Come fu fissato un prezzo così favorevole da far parlare oggi di alto tradimento? Il governo brasiliano dell’epoca, fece fare le valutazioni, si può leggere oggi tra l’altro nella stampa carioca alle stesse imprese, Merryl Lynch e MRDI tra le altre, che poi fecero parte del gruppo che acquistò la "Vale do Rio Doce". Il lupo a guardia delle pecore. Sembra uno scherzo, ma così si facevano le privatizzazioni in America Latina negli anni ’90 e i Cardoso, i Menem erano considerati allievi modello. Per esempio a Corumbá, nello stato del Mato Grosso do Sul, nella miniera di manganese di Urucum, una tonnellata di manganese fu valutata 0,80 dollari contro un valore reale di mercato di 80 dollari. Appena l’1%.

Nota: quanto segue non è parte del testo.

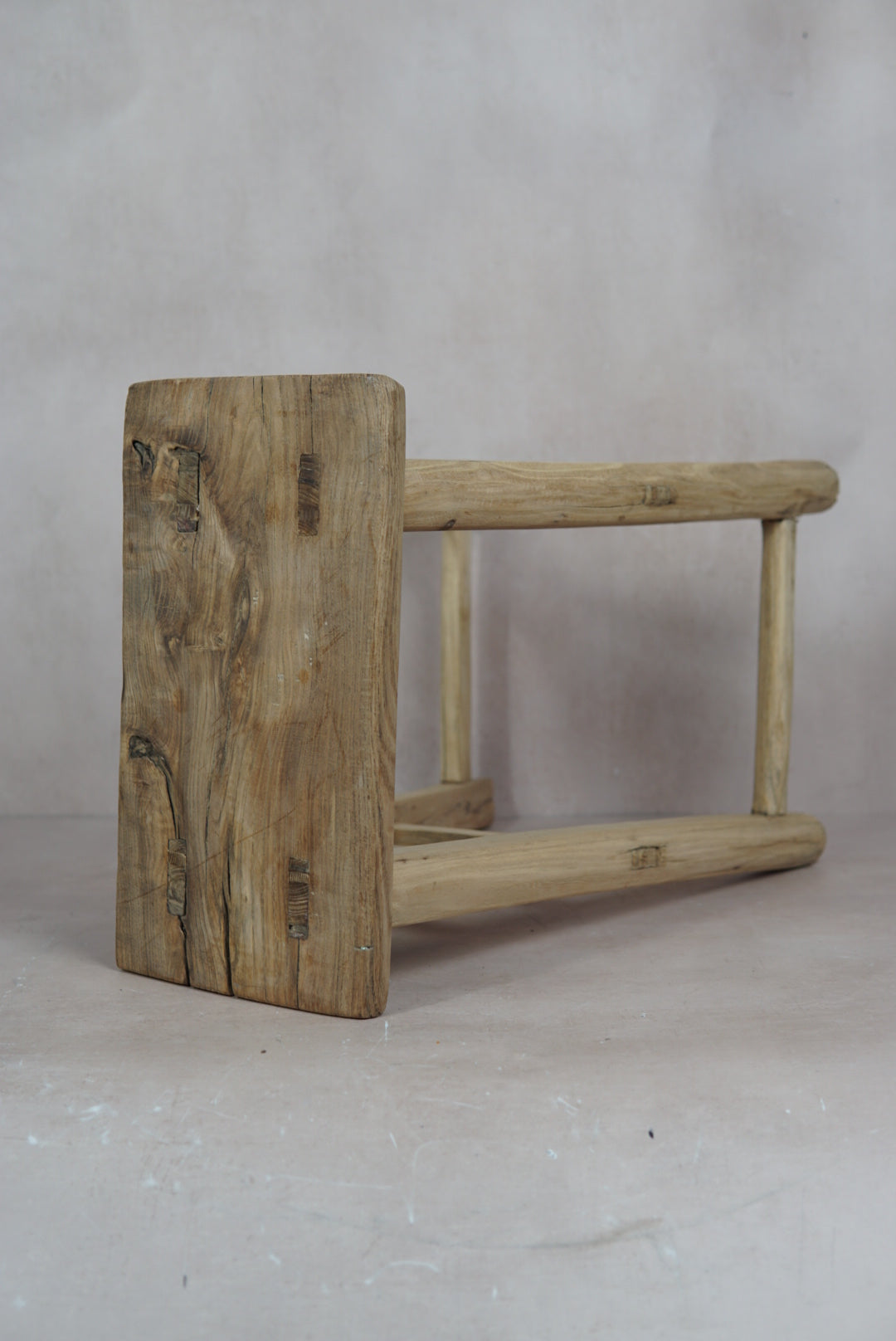 Vintage Rustic Stool - Elm wood - 18.3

Da mesi, ne scriveva Mário Augusto Jakobskind in Brecha del 24 agosto, un’importante campagna per la rinazionalizzazione della "Vale do Rio Doce", chiede l’annullamento della privatizzazione stessa e il castigo per i responsabili, a partire da Fernando Henrique Cardoso, accusato di alto tradimento. La campagna è scientificamente boicottata da quegli stessi media commerciali che applaudirono la privatizzazione, ma ha ottenuto un primo successo il 16 dicembre 2005 quando il Tribunale Federale Regionale di Brasilia ha dichiarato nulla la privatizzazione. E’ solo il primo passo di una battaglia legale che si preannuncia infinita e nella quale il governo Lula brilla finora per la prudenza. Al momento ci sono almeno 68 cause giudiziarie aperte in tutto il paese per l’annullamento della privatizzazione e, secondo un sondaggio realizzato dall’Istituto statunitense Ipsos pubblicato dal quotidiano "O Estado de São Paulo", il 60% dei brasiliani è favorevole a che tutte le risorse naturali del paesi siano di proprietà pubblica.